WHAT IS REQUIRED ▸
Scan the listing for "Shirt" and copy out each line that has it.

┏━━

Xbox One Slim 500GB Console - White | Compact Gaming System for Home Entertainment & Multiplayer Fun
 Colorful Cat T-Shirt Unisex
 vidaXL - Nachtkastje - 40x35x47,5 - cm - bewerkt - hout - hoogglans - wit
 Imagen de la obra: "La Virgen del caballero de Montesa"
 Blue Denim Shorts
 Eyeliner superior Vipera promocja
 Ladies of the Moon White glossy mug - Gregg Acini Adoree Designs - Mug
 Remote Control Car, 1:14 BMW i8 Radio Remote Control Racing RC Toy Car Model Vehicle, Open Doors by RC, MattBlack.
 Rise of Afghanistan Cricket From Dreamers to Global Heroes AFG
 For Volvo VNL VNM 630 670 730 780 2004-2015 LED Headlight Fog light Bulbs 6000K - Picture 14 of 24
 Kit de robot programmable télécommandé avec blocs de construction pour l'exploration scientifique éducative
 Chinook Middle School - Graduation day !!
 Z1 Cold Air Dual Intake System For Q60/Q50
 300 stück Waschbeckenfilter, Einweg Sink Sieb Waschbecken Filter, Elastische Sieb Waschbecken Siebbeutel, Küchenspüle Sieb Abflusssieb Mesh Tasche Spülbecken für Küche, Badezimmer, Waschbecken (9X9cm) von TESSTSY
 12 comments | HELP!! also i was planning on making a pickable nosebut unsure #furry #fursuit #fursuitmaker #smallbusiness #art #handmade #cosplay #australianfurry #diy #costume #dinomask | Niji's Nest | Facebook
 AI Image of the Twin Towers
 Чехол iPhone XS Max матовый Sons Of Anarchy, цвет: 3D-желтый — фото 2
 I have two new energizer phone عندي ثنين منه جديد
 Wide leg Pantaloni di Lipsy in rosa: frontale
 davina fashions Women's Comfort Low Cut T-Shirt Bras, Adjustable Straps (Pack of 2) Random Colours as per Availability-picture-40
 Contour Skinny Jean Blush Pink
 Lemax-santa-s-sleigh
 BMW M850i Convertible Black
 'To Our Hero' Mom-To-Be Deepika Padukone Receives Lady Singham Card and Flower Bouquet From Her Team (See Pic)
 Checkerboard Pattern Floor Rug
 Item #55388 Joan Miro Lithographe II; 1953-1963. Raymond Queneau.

┗━━

ANSWER TO THIS PROBLEM ▸
 Colorful Cat T-Shirt Unisex
 davina fashions Women's Comfort Low Cut T-Shirt Bras, Adjustable Straps (Pack of 2) Random Colours as per Availability-picture-40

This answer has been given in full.